Below are the records to retype. Keep every character exactly and leave out the pictures.

----- Data under study

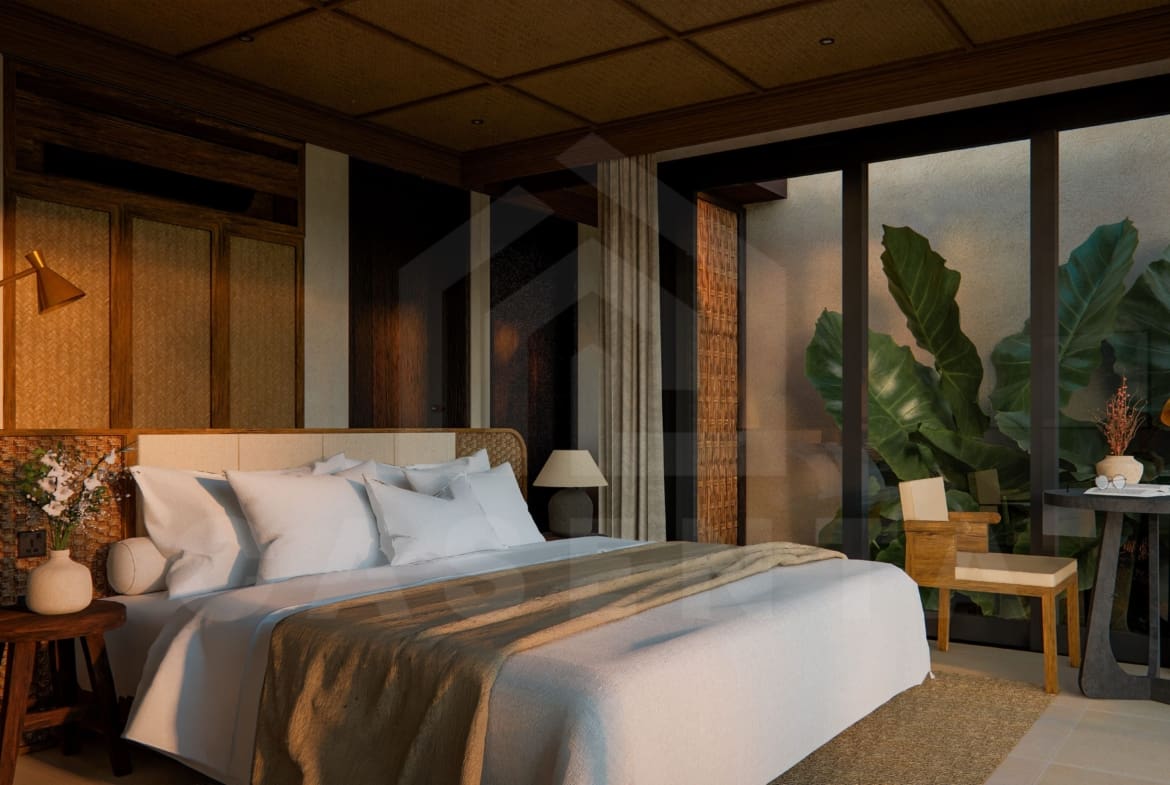 Bedroom inside a riverfront villa in a superb Ubud area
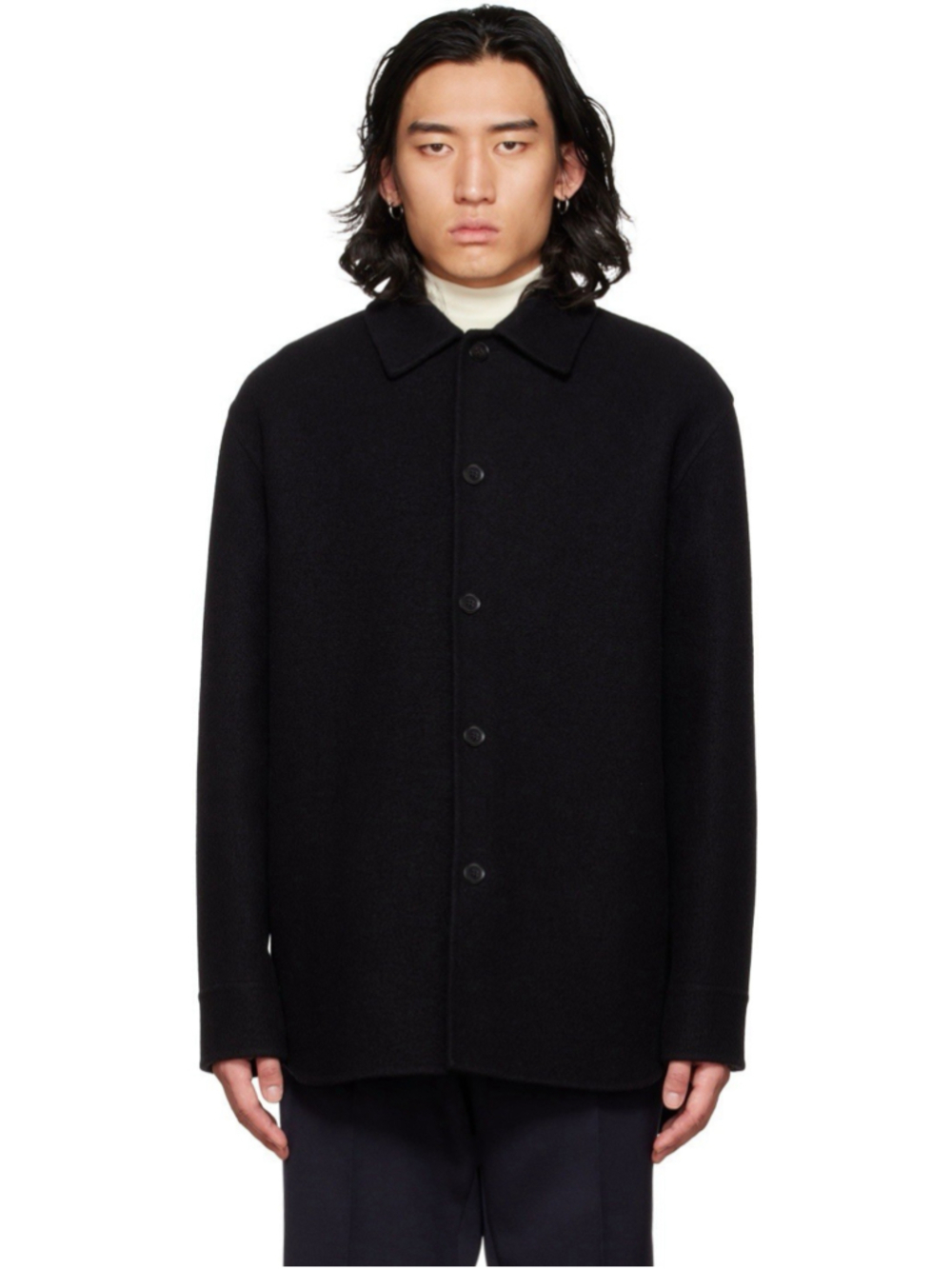 Jil Sander Double Splittable Washed Felted Black Woven Outer Shirt Jacket EU 48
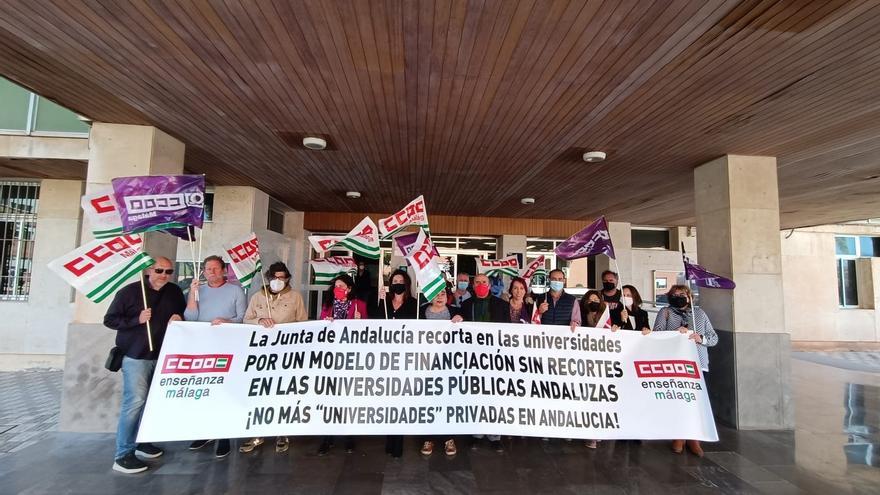 Concentración de CCOO en el campus de la UMA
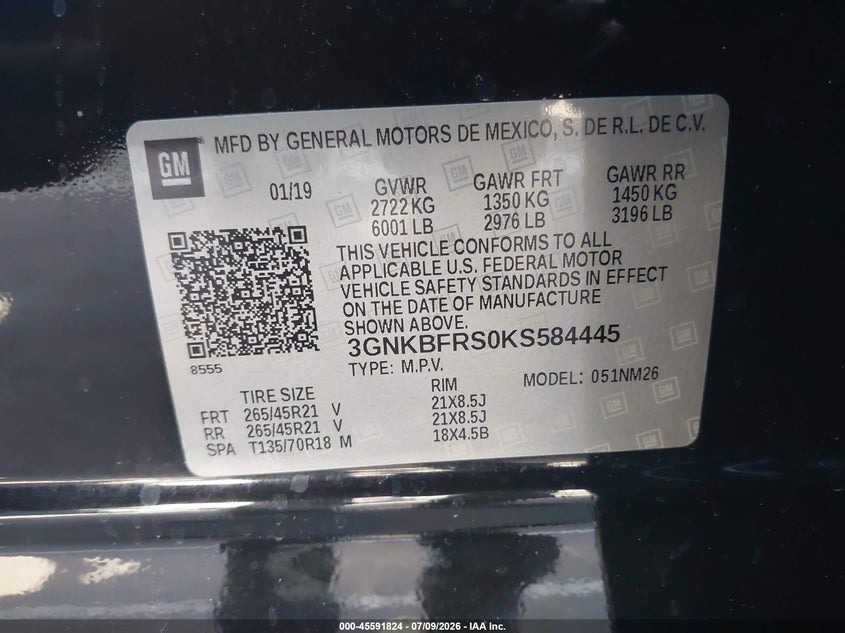 2019 Chevrolet Blazer Premier VIN: 3GNKBFRS0KS584445 Lot: 45591824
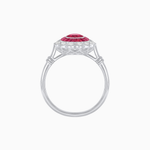 Load image into Gallery viewer, Vintage Inspired Oval French-Cut Double Halo Floral Ring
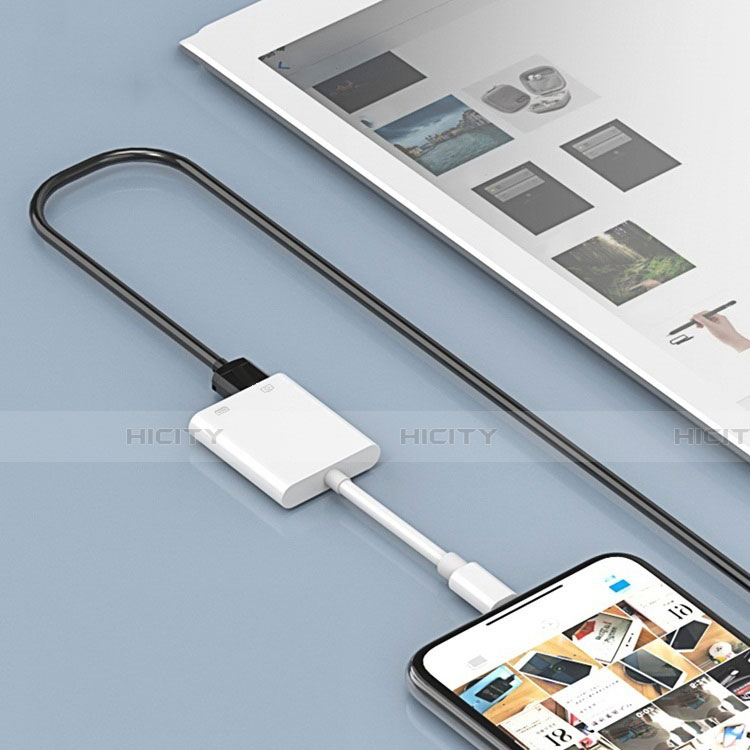 Cable Lightning vers USB OTG H01 pour Apple iPhone 11 Blanc Plus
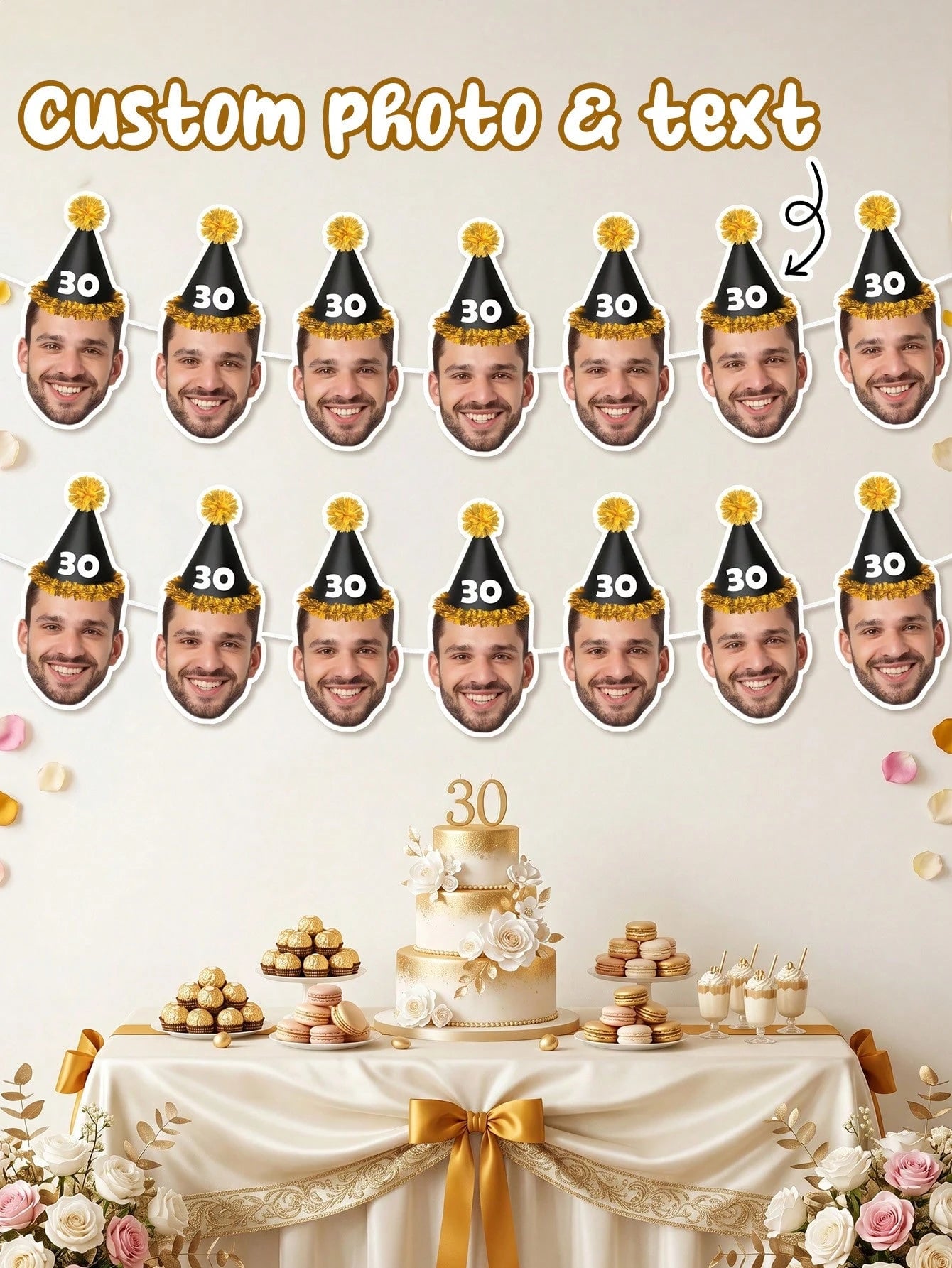 7/14/21pcs Custom Party Hat Birthday Photo Parper Banner, Personalized Face Cutout Garland, Black & Gold Party Hat Banner, Personalized 30th, 40th, 50th, 60th Birthday Gift For Him, Party Decor, Birth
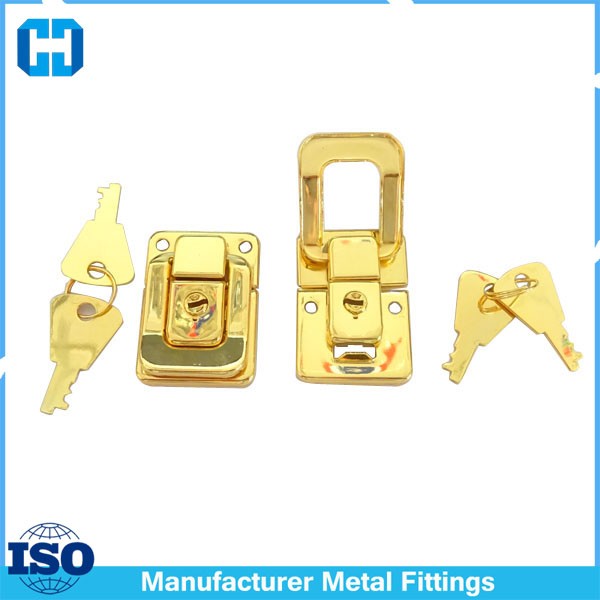 Gold Color Jewelry Box Latch Lock With Key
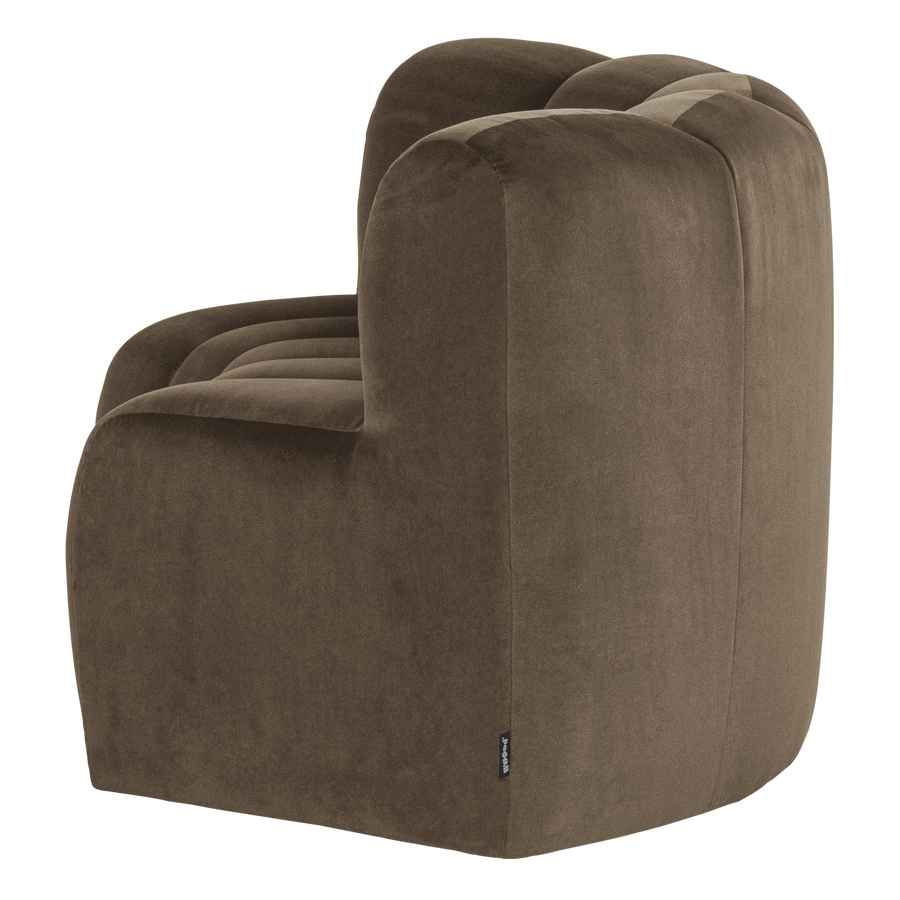 Mojo eetbank halfronde hoek rugleuning velvet taupe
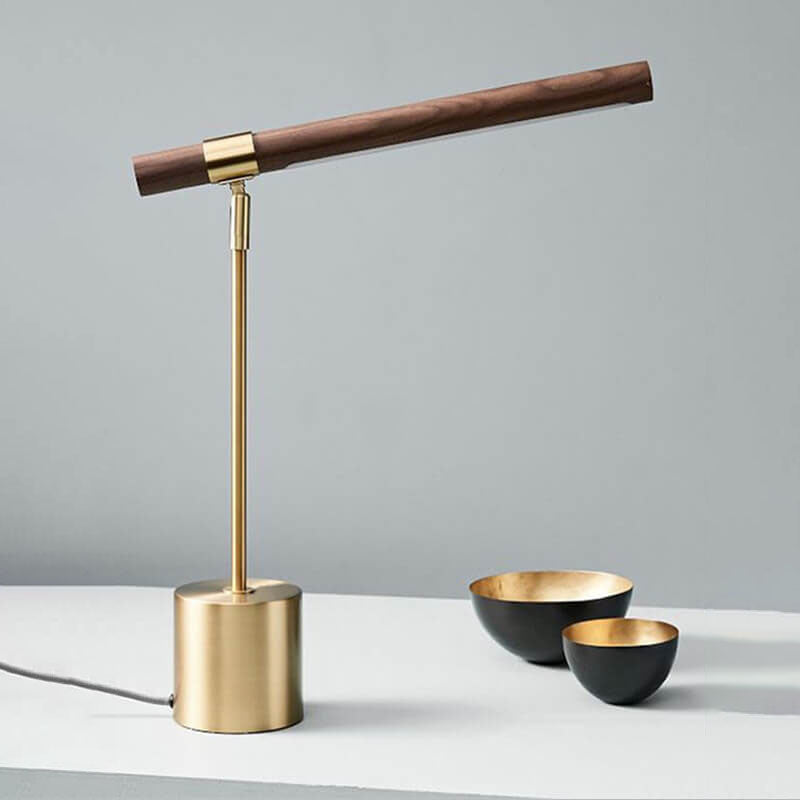 Lampada da Tavolo LED a Base Cilindrica in Legno con Design Minimalista Nordico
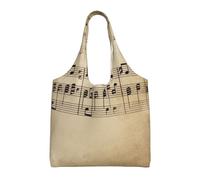 Music Notes on Old Paper Canvas Tote Bag for Women Reusable Shopping Grocery Bags with Handles Cloth bags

----------

Result for this task
 Bedroom inside a riverfront villa in a superb Ubud area
 Jil Sander Double Splittable Washed Felted Black Woven Outer Shirt Jacket EU 48
 Concentración de CCOO en el campus de la UMA
 2019 Chevrolet Blazer Premier VIN: 3GNKBFRS0KS584445 Lot: 45591824
 Load image into Gallery viewer, Vintage Inspired Oval French-Cut Double Halo Floral Ring
 Cable Lightning vers USB OTG H01 pour Apple iPhone 11 Blanc Plus
 7/14/21pcs Custom Party Hat Birthday Photo Parper Banner, Personalized Face Cutout Garland, Black & Gold Party Hat Banner, Personalized 30th, 40th, 50th, 60th Birthday Gift For Him, Party Decor, Birth
 Gold Color Jewelry Box Latch Lock With Key
 Mojo eetbank halfronde hoek rugleuning velvet taupe
 Lampada da Tavolo LED a Base Cilindrica in Legno con Design Minimalista Nordico
 Music Notes on Old Paper Canvas Tote Bag for Women Reusable Shopping Grocery Bags with Handles Cloth bags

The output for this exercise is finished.